##### TASK INPUT #####

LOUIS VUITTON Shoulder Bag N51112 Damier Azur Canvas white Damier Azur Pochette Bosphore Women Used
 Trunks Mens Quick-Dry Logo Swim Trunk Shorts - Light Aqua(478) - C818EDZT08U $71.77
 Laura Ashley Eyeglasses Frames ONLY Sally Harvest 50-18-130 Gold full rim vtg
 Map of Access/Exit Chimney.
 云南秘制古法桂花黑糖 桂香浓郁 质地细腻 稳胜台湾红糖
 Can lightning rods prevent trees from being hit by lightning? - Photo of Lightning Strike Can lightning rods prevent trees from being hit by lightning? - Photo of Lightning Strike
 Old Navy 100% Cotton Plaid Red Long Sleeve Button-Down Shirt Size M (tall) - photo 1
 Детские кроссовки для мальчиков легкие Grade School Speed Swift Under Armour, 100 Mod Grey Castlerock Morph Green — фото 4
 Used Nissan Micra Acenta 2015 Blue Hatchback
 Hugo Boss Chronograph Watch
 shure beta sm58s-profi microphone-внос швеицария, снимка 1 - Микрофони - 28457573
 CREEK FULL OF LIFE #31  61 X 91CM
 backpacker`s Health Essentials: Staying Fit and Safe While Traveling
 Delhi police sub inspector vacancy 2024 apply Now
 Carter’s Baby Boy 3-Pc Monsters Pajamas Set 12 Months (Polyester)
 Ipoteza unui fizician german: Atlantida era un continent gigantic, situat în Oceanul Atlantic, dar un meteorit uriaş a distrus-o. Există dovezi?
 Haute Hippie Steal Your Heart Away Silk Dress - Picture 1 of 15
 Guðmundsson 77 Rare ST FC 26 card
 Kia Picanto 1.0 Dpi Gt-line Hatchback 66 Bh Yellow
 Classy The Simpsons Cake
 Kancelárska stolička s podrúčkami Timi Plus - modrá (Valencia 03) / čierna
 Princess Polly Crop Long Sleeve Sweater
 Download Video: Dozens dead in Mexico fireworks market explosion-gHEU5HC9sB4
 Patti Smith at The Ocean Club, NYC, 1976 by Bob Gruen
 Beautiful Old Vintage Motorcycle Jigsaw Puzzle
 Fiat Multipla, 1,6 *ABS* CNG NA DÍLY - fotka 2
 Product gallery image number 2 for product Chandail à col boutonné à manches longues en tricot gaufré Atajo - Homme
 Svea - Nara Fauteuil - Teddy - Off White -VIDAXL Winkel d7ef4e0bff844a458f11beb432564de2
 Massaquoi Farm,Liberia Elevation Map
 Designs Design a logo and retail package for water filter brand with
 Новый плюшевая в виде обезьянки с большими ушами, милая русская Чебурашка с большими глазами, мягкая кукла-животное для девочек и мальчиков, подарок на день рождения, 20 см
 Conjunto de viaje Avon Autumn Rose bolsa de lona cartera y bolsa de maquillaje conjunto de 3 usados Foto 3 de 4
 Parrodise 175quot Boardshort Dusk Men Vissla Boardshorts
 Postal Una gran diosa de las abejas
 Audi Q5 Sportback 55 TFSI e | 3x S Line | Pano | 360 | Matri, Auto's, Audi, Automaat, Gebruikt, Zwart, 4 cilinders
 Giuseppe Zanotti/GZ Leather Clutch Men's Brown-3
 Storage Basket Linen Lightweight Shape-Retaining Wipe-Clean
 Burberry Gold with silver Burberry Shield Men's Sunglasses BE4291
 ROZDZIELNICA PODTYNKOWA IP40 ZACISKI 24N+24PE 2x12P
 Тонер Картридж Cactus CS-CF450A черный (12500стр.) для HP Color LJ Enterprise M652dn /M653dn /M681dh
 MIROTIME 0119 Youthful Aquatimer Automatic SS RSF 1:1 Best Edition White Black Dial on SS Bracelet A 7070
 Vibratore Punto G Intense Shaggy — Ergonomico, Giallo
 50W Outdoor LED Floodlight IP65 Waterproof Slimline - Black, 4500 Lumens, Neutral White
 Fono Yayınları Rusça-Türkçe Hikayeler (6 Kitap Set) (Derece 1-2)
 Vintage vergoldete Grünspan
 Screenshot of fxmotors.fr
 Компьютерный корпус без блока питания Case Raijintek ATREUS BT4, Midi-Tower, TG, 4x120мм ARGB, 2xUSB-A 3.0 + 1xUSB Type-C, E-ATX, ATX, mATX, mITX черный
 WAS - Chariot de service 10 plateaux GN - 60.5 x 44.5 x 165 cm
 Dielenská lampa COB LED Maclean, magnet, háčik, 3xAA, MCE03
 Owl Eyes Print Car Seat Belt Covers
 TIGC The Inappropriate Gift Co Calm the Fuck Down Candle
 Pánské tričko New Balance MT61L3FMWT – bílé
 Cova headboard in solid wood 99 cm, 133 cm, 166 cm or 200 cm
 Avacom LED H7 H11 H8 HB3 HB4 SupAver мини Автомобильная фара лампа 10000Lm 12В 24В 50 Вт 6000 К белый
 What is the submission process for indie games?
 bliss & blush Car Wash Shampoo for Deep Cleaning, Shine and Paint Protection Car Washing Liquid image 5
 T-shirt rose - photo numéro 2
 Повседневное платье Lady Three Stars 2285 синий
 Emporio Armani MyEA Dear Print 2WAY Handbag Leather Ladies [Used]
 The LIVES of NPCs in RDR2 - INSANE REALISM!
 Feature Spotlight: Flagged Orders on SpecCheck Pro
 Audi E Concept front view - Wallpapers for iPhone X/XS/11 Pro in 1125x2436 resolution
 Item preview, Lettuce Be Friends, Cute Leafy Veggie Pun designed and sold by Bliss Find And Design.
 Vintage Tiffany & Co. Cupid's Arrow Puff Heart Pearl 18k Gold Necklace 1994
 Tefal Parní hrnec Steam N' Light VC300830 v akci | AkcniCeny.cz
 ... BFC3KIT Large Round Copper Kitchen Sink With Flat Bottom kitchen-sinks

#####

WHAT IS EXPECTED =
In the entries above, find the line holding "Safe While Traveling" and the line holding "ROZDZIELNICA PODTYNKOWA IP40"; print both of them and every line between, exactly, and nothing else.

EXPECTED ANSWER =
 backpacker`s Health Essentials: Staying Fit and Safe While Traveling
 Delhi police sub inspector vacancy 2024 apply Now
 Carter’s Baby Boy 3-Pc Monsters Pajamas Set 12 Months (Polyester)
 Ipoteza unui fizician german: Atlantida era un continent gigantic, situat în Oceanul Atlantic, dar un meteorit uriaş a distrus-o. Există dovezi?
 Haute Hippie Steal Your Heart Away Silk Dress - Picture 1 of 15
 Guðmundsson 77 Rare ST FC 26 card
 Kia Picanto 1.0 Dpi Gt-line Hatchback 66 Bh Yellow
 Classy The Simpsons Cake
 Kancelárska stolička s podrúčkami Timi Plus - modrá (Valencia 03) / čierna
 Princess Polly Crop Long Sleeve Sweater
 Download Video: Dozens dead in Mexico fireworks market explosion-gHEU5HC9sB4
 Patti Smith at The Ocean Club, NYC, 1976 by Bob Gruen
 Beautiful Old Vintage Motorcycle Jigsaw Puzzle
 Fiat Multipla, 1,6 *ABS* CNG NA DÍLY - fotka 2
 Product gallery image number 2 for product Chandail à col boutonné à manches longues en tricot gaufré Atajo - Homme
 Svea - Nara Fauteuil - Teddy - Off White -VIDAXL Winkel d7ef4e0bff844a458f11beb432564de2
 Massaquoi Farm,Liberia Elevation Map
 Designs Design a logo and retail package for water filter brand with
 Новый плюшевая в виде обезьянки с большими ушами, милая русская Чебурашка с большими глазами, мягкая кукла-животное для девочек и мальчиков, подарок на день рождения, 20 см
 Conjunto de viaje Avon Autumn Rose bolsa de lona cartera y bolsa de maquillaje conjunto de 3 usados Foto 3 de 4
 Parrodise 175quot Boardshort Dusk Men Vissla Boardshorts
 Postal Una gran diosa de las abejas
 Audi Q5 Sportback 55 TFSI e | 3x S Line | Pano | 360 | Matri, Auto's, Audi, Automaat, Gebruikt, Zwart, 4 cilinders
 Giuseppe Zanotti/GZ Leather Clutch Men's Brown-3
 Storage Basket Linen Lightweight Shape-Retaining Wipe-Clean
 Burberry Gold with silver Burberry Shield Men's Sunglasses BE4291
 ROZDZIELNICA PODTYNKOWA IP40 ZACISKI 24N+24PE 2x12P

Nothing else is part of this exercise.